La poesía de Rodríguez ganará en densidad filosófica y estilística. Al nivel de la forma, ensaya con giros vanguardistas como, por ejemplo, el prescindir de las mayúsculas y los experimentos con la hibridez de géneros. Asimismo, sus textos adquieren un carácter entrópico fácilmente discernible en la crisis del cuerpo, que en su poesía anuncia también la crisis del cuerpo político de la nación, como se aprecia en “Las islas”: “mira y no las descuides. / las islas son muchos aparentes. / cortadas en el mar / transcurren en su soledad de tierras sin raíz. / en el silencio del agua una mancha / de haber anclado solo aquella vez / y poner los despojos de la tempestad y las ráfagas / sobre las olas. / aquí los cementerios son hermosos y pequeños / y están más allá de las ceremonias. / me he bañado para sentarme en la yerba / es la zona de bruma / donde acontecen los espejismos / y vuelvo a sonreír”.

Antes aludí a cómo la exploración desatada por el sujeto en la poesía de Rodríguez se concentra en objetos, espacios y rituales de una cotidianidad en ruinas.
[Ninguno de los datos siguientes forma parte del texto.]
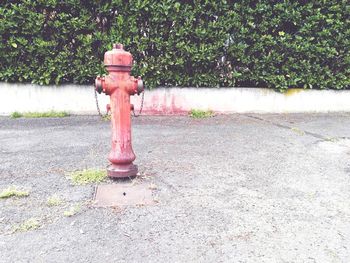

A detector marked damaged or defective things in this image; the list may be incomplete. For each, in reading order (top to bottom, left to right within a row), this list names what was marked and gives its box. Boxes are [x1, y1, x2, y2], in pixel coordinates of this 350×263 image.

Esta particularidad vuelca su artesanía a la zona de lo que Jacques Rancière identifica con la labor del “poeta geólogo o arqueólogo”, para el cual “no hay nada insignificante”. Al hacer del sujeto de sus textos un efectivo productor de mitos, la poesía de Rodríguez explota esa voluntad arqueológica en el sentido de que posibilita el otorgar categoría de arquetipo a cualquier elemento del azar cotidiano. Ejemplo de esto es el poemario El piano, publicado en 2016, en el cual la historia del piano de la infancia destruido activa la entrada al ámbito en donde el sujeto intuye la definición de una experiencia poética: “Pregunto a las letras: ¿qué dirán? / ¿Qué poesía traen a mí / cansada de tanto poetizar la realidad?”. Por su parte, en “El arca”, del poemario Luciérnagas (2017), el hablante transita las calas recurrentes en la poesía de Rodríguez, pero esta vez condensadas en un lenguaje de mayor llaneza. En este poema también se nota la pretendida claridad que el sujeto encuentra en su empeño arqueológico:

Dónde se volverán a unir
los animales salvajes del karst:
el cervatillo con la liebre
y la manada de jabalíes oscuros.
Por dónde regresaremos de este largo peregrinar
movidos de uno a otro confín
por el ansia de hallar un sitio de reposo
donde la manada resucite entre las páginas
de un libro cerrado
que dejó de ser aspiración o folklore
y donde no suceda más la destrucción
de sus animales: peces, crustáceos, colibríes,
monos tití, hombres,
para que puedan regresar
con sus nuevas lenguas
más allá de la frontera ficticia
de un mar
y donde hablar sobre el arca no signifique
su reducción a no ser patria de nadie.

Como se ve en este fragmento de “El arca”, la persona poética se erige en testadora de una memoria que no compagina con las lecciones de superioridad moral del sujeto de la Ciudad Revolucionaria. Ese posicionamiento justifica el gesto indagador del sujeto en su perpetua errancia. Se trata de un viaje inconcluso, como en la imagen del arca que no alcanza a contener toda la fauna que supone, pero la pulsión utópica de estos versos graba la huella de un imponente desplazamiento estético, semiótico y político.